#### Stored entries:
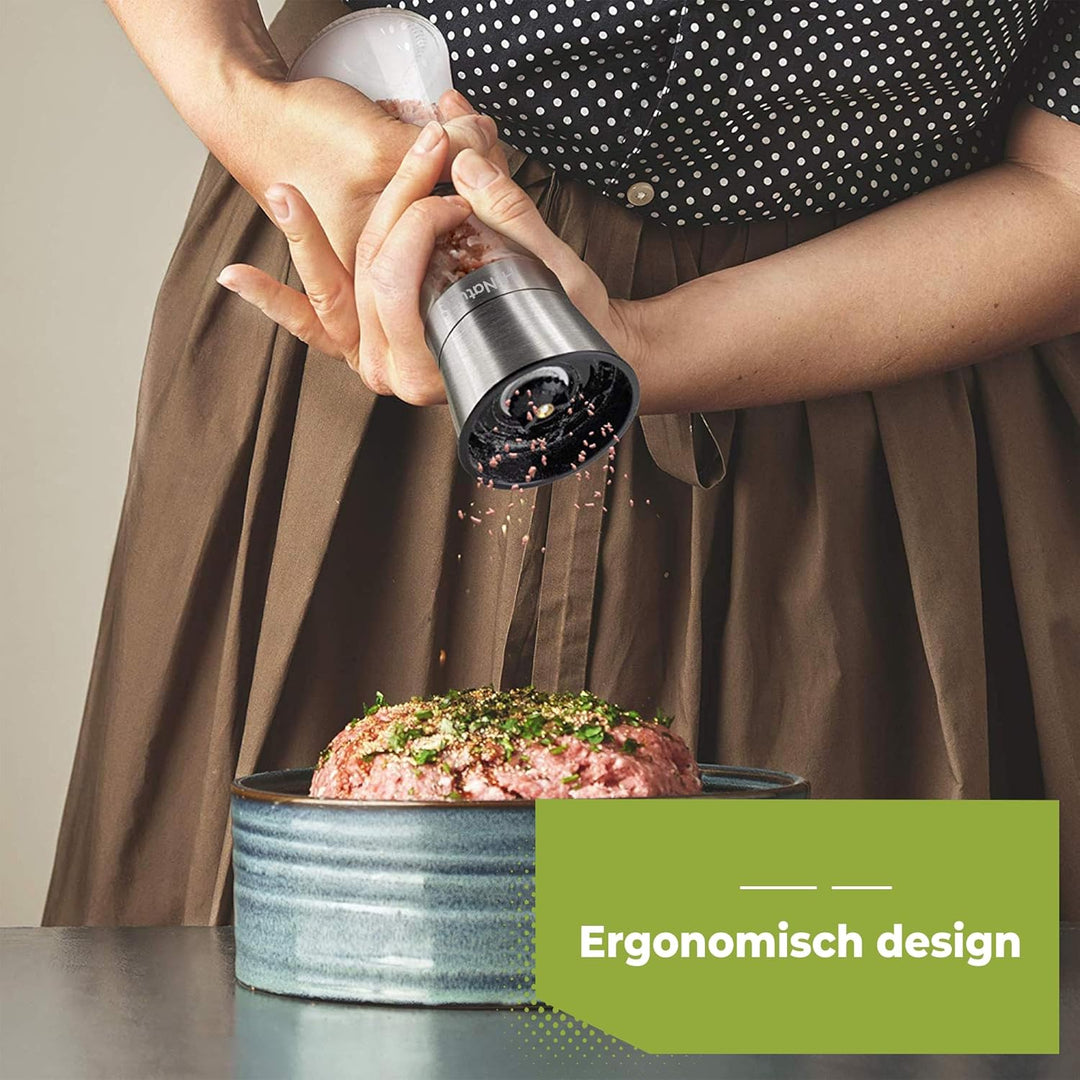 Salz- und Pfeffermühlen Set – Manuelle Pfeffermühle & Salzmühle mit einstellbarem Keramikmahlwerk, E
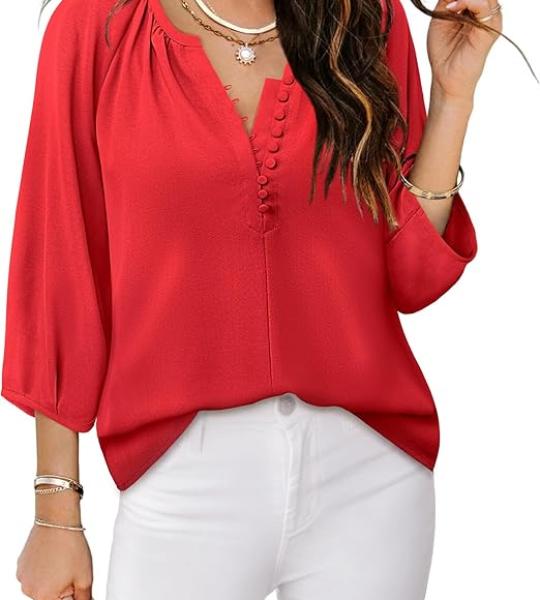 Womens Blouses Dressy Casual V Neck 3/4 Sleeve Tops Fashion Boho Chiffon Button Down Shirts.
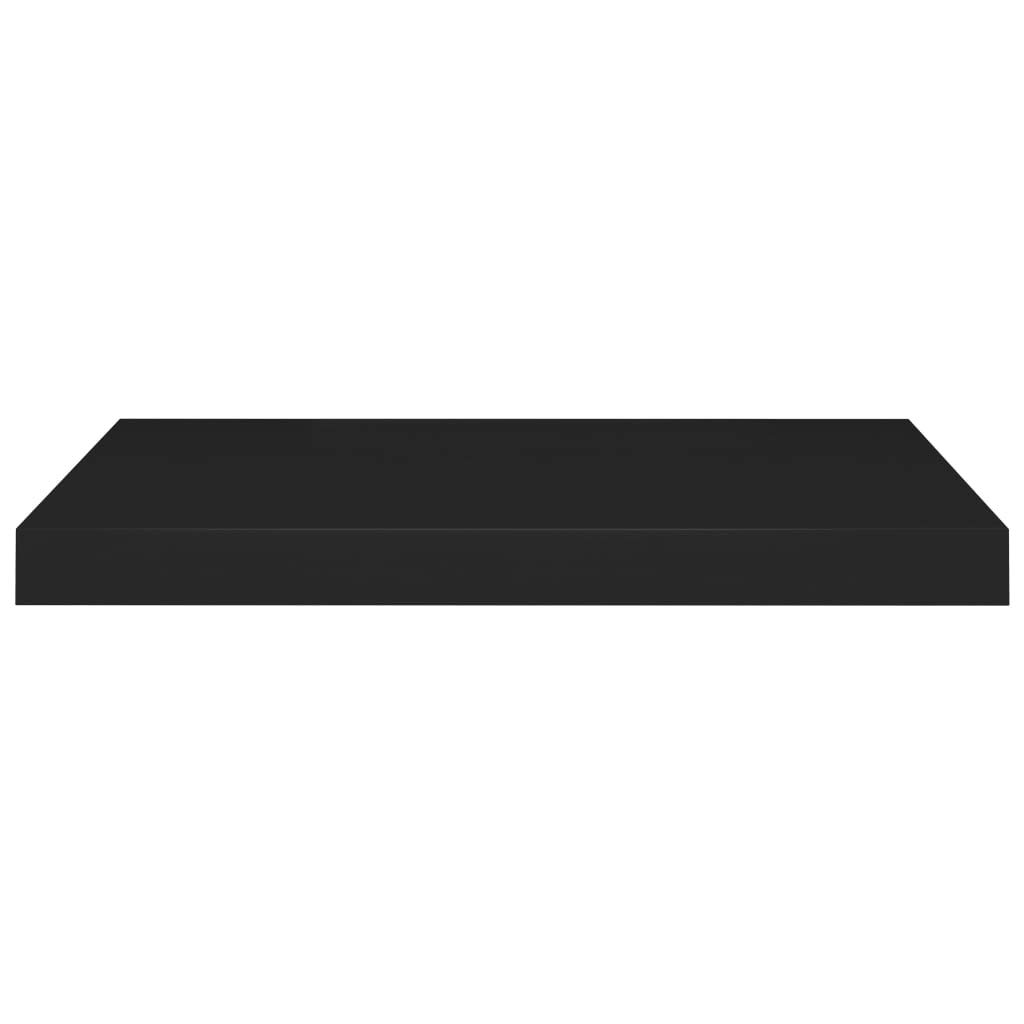 Modern Floating Wall Shelves Set of 4 - Black MDF Decorative Ledges 23.6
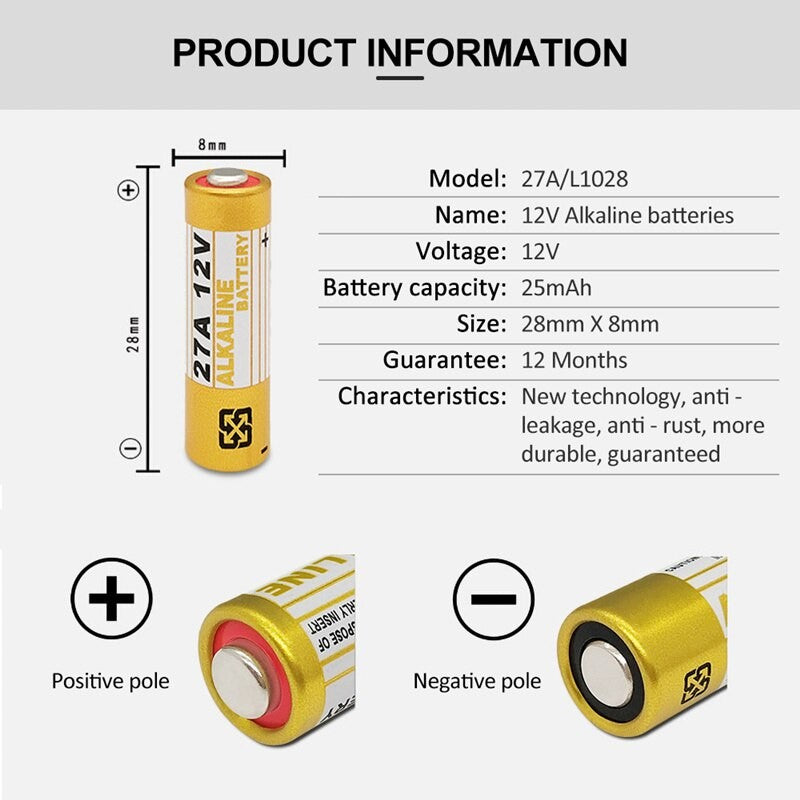 Baterija 27A 12V PHOMAX 1kos nadomesti A27BP K27A V27GA VR27 MS27  suha alkalna za enkratno uporabo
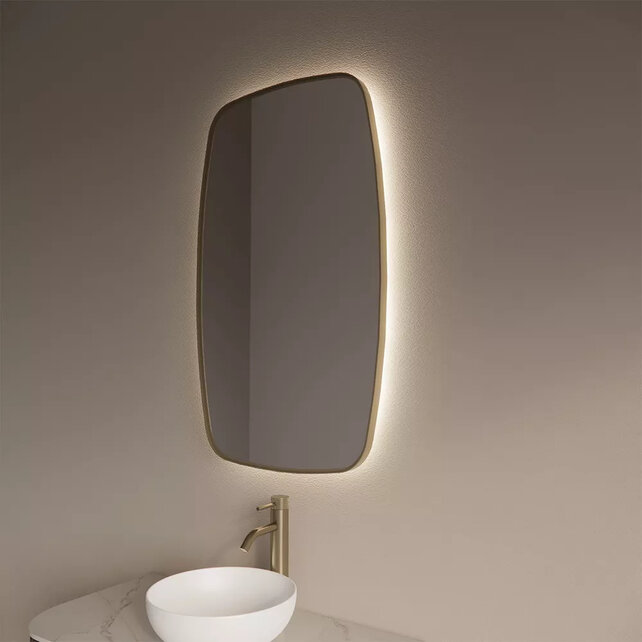 Spiegel Ovaal Epos Verticaal Mat Goud 60x100cm met sensor en Spiegelverwarming Spiegel Ovaal Epos Verticaal Mat Goud 60x100cm met sensor en Spiegelverwarming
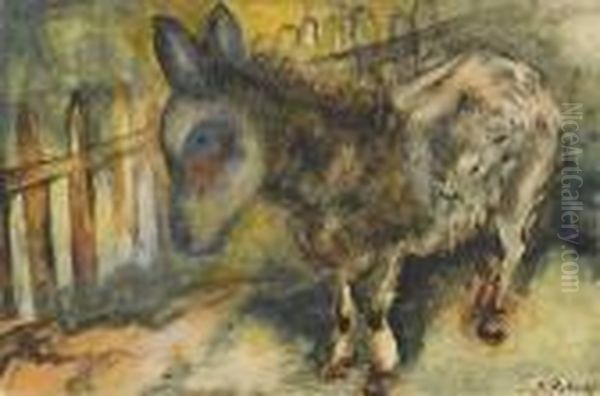 Donkey Oil Painting by Issachar ber Ryback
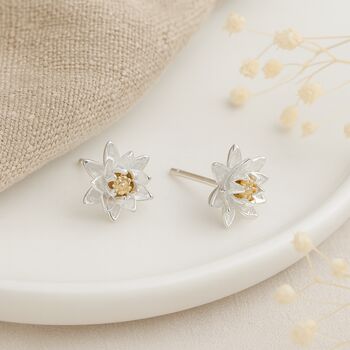 Sterling Silver And Gold July Birth Flower Stud Earrings – 8mm, 4 of 6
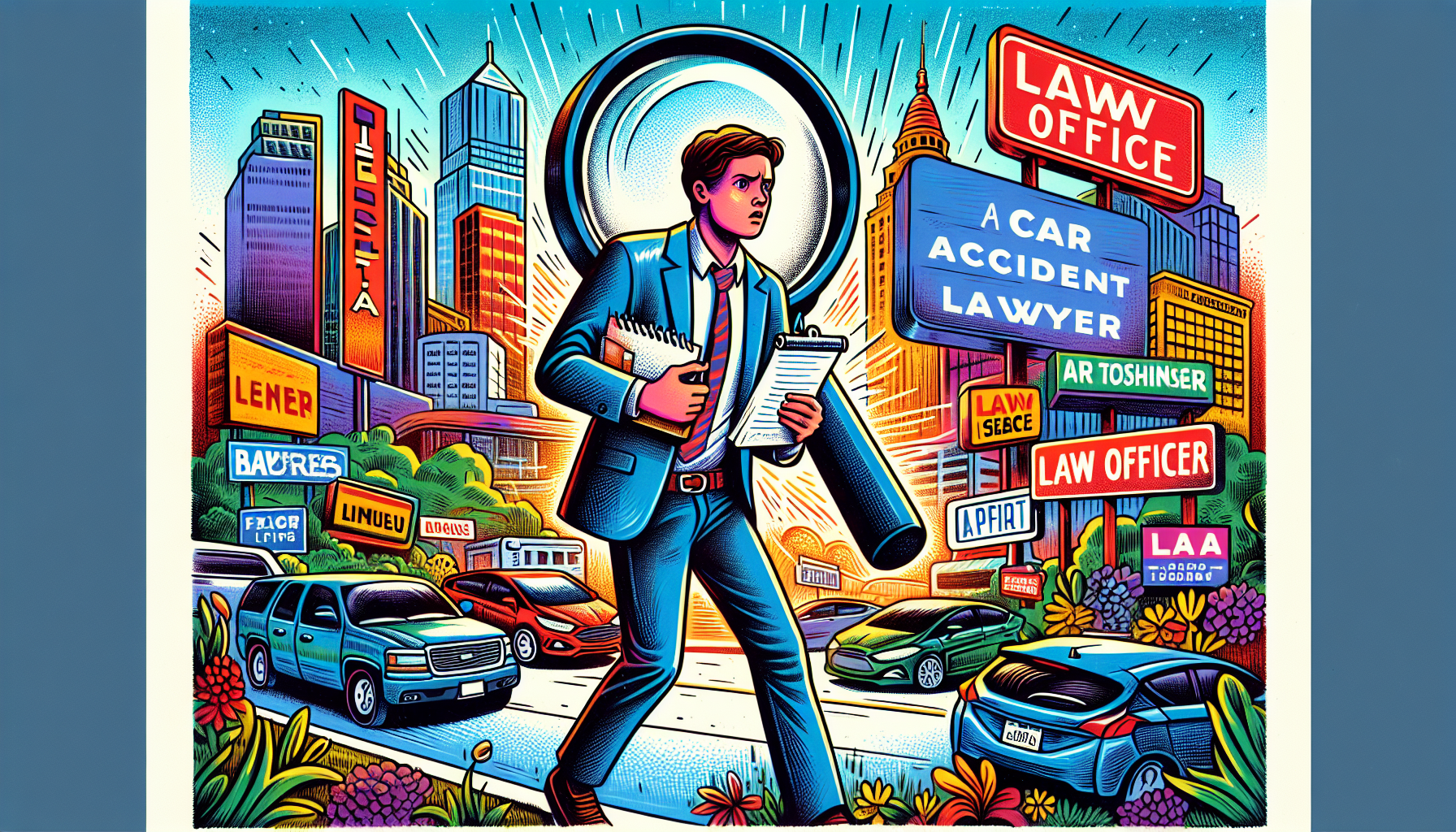 An illustration representing the process of finding the best car accident lawyer in Texas.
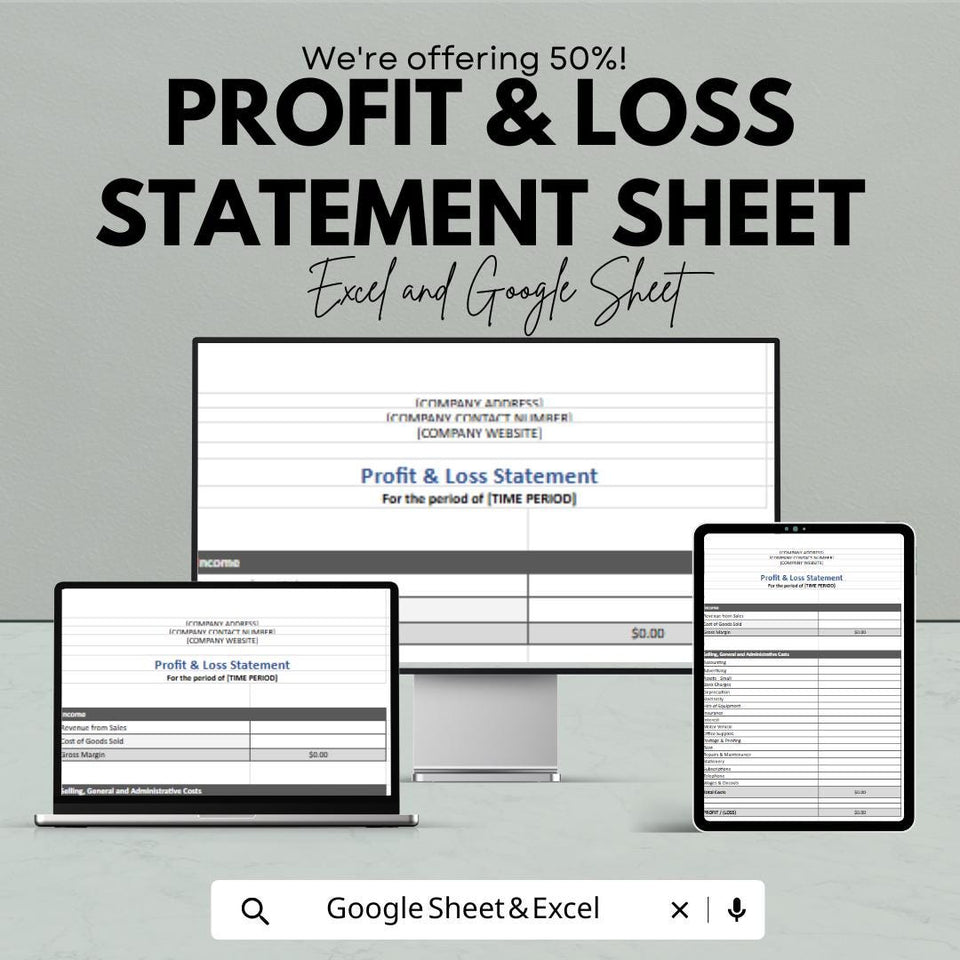 Profit and Loss Statement Sheet | Excel and Google Sheets | Business Finance Tracker | Printable P&L Template | Small Business Accounting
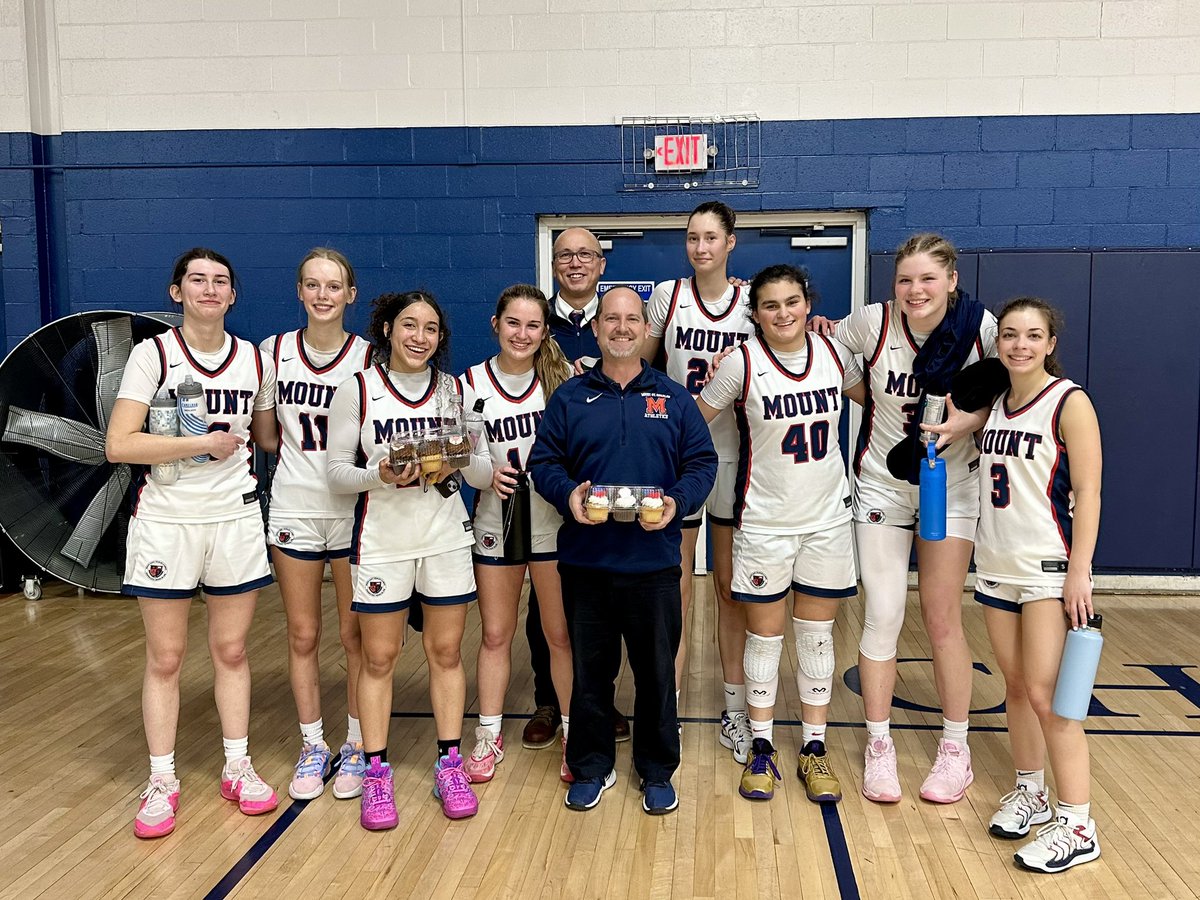 Tonight the Mounties celebrated Coach Henry’s birthday with a win vs Cheshire.  Unselfish basketball saw Four girls in double figures (Hagopian -11 , Serednytska -11, Santiago -10, Ayotte’s - 10, Johnson -9).  The girls sang HBD and presented Coach with cupcakes! Happy Birthday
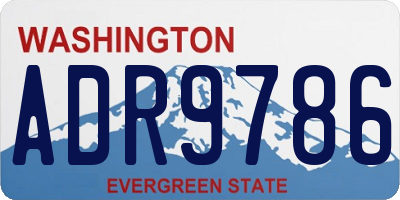 WA license plate ADR9786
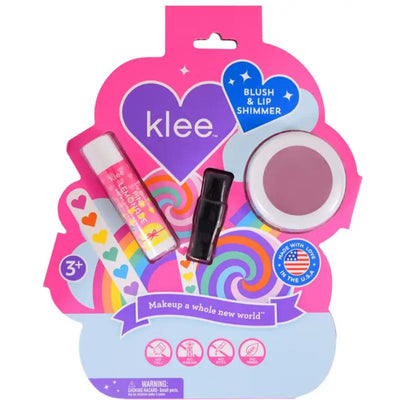 Klee Naturals Sunshine Whisper Blush and Lip Shimmer set with a pink heart design and three makeup products.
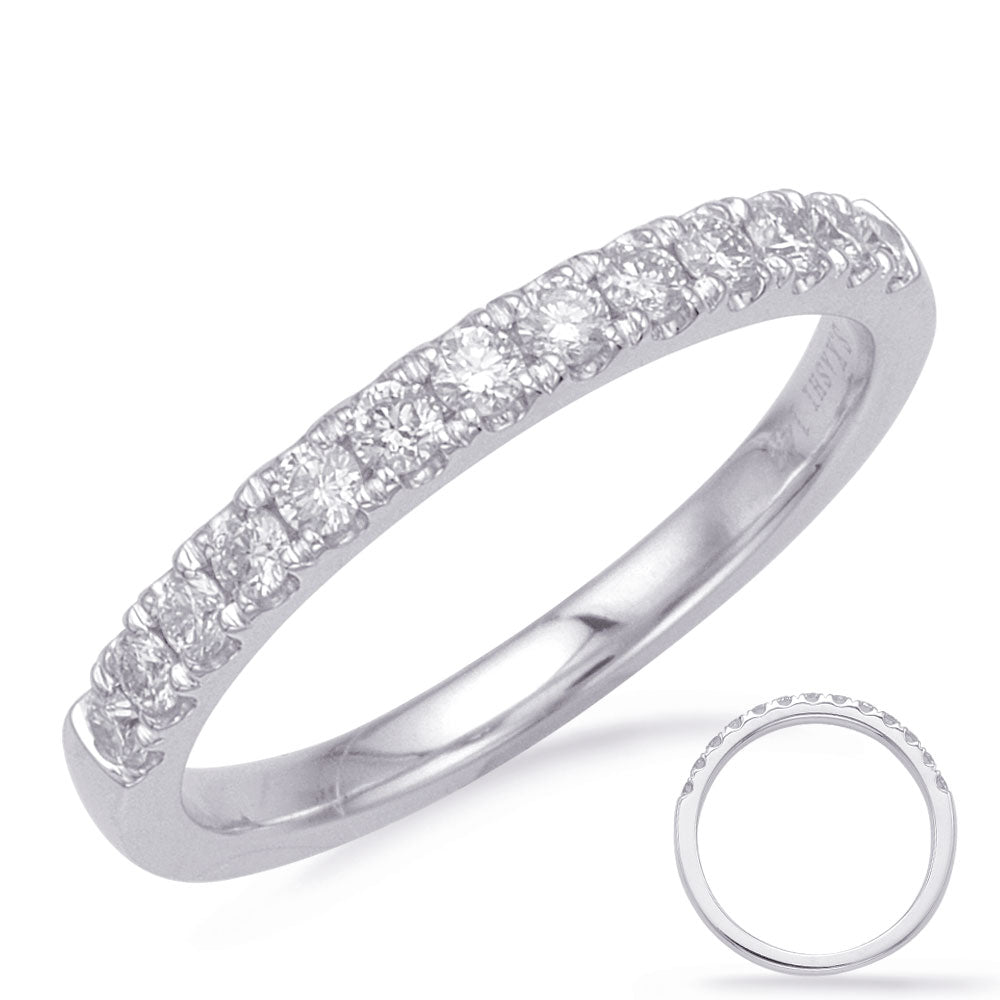 This Band is available in 14K White Gold. There are a total of 13 stones. There are Round with a total carat weight of 0.34 set in a Micro Prong setting.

#### Required work:
Nothing but the lines from the one holding "Sterling Silver And" to the end of the entries above should be echoed, exactly and with both ends included; omit the pictures.

#### Answer section:
 Sterling Silver And Gold July Birth Flower Stud Earrings – 8mm, 4 of 6
 An illustration representing the process of finding the best car accident lawyer in Texas.
 Profit and Loss Statement Sheet | Excel and Google Sheets | Business Finance Tracker | Printable P&L Template | Small Business Accounting
 Tonight the Mounties celebrated Coach Henry’s birthday with a win vs Cheshire.  Unselfish basketball saw Four girls in double figures (Hagopian -11 , Serednytska -11, Santiago -10, Ayotte’s - 10, Johnson -9).  The girls sang HBD and presented Coach with cupcakes! Happy Birthday
 WA license plate ADR9786
 Klee Naturals Sunshine Whisper Blush and Lip Shimmer set with a pink heart design and three makeup products.
 This Band is available in 14K White Gold. There are a total of 13 stones. There are Round with a total carat weight of 0.34 set in a Micro Prong setting.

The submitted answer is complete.